Irondad, it looks like you've got some comment spam...

The idea of gathering information so as to make unnecessary the use of expert skills is one they emphasized a lot at Skip Barber. Running in a pack, you need to be thinking about the trajectory of other cars, should their drivers screw up. And when that happens, "what's my best crash" is a question you need to answer. A lot of times, what you think might be your best crash turns out to be no crash at all.

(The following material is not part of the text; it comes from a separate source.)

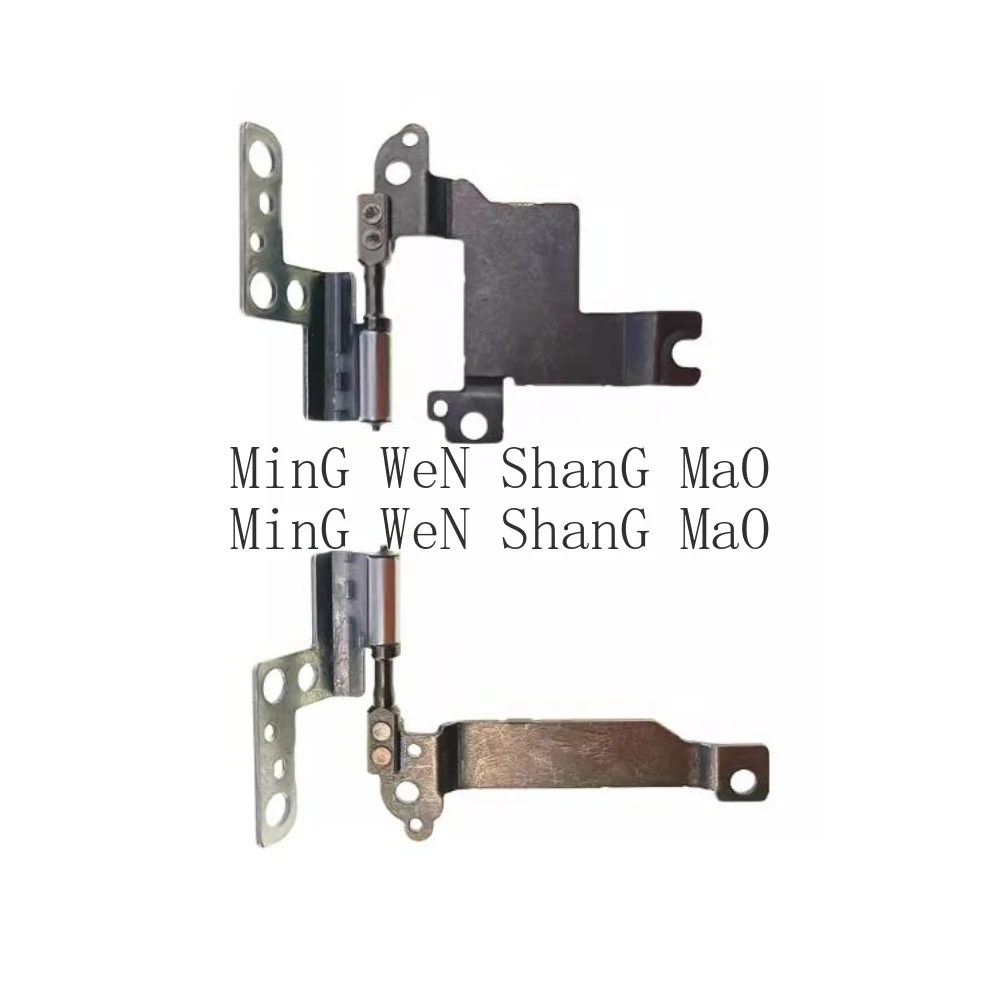 Bisagras de Pantalla LCD Originales Nuevas para DELL Latitude 3301, Inspiron 5390, 5391, Vostro 5390, 433.0GW09.0012, 433.0GW0B.0012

Racing and riding both demand a very high level of awareness of what's going on around you. That which I gained in racing has helped enormously in riding...

__Orin
Scootin' Old Skool

Conchscooter said...

I think the photographs are striking. Compare the ones you used to take and see how much more involving they are. It's quite interesting. The words are okay too but I want to see you go and take some pictures.

Sojourner rides said...

Excellent, excellent post! I actually enjoy practicing and lots of it. I don't start or end a season without taking an advanced class and one track day--at least.

I really appreciate your stress on the mental aspects of riding and thinking like a motorcyclists, anticipating what could happen even if the situation doesn't appear challenging. One book that this post reminds me of is Ken Condon's book, _Riding in the Zone_, which has become one of my all time favorites.

Your photographic examples are great!

Chuck Pefley said...

Great post, Dan!!

Anticipation is key along with the always with you question "what if". Thanks for the lesson and reminders.

Jack Riepe said...

Dear Dan:

I got a lot out of this post, especially from the data regarding the stopping distances. I can tell you my first few days on the bike this season will see me practicing panic stops.

Interestingly enough, my first crash (detailed in my current blog) was similar to the circumstances you detailed here. Now, I tend to slow down and take my time approaching unseen "voids." Now I expect a driver to step out of the parked truck, or someone to push a baby carriage out in front of the truck, or a ball to come bouncing out with a kid hot on its trail. The possibilities are endless.

Good piece today.

Fondest regards,
Jack • reep • Toad
Twisted Roads

bluekat said...

As always, I enjoyed reading your article on braking. A good reminder - It's been a while since Ron or I have been out practicing. Must be the cyclist in me but scanning my environment seems to be one of the few skills I do all right with. Even when I think I'm not all that alert, I generally spot things amiss quickly. Probably to make up for the lacking skills elsewhere.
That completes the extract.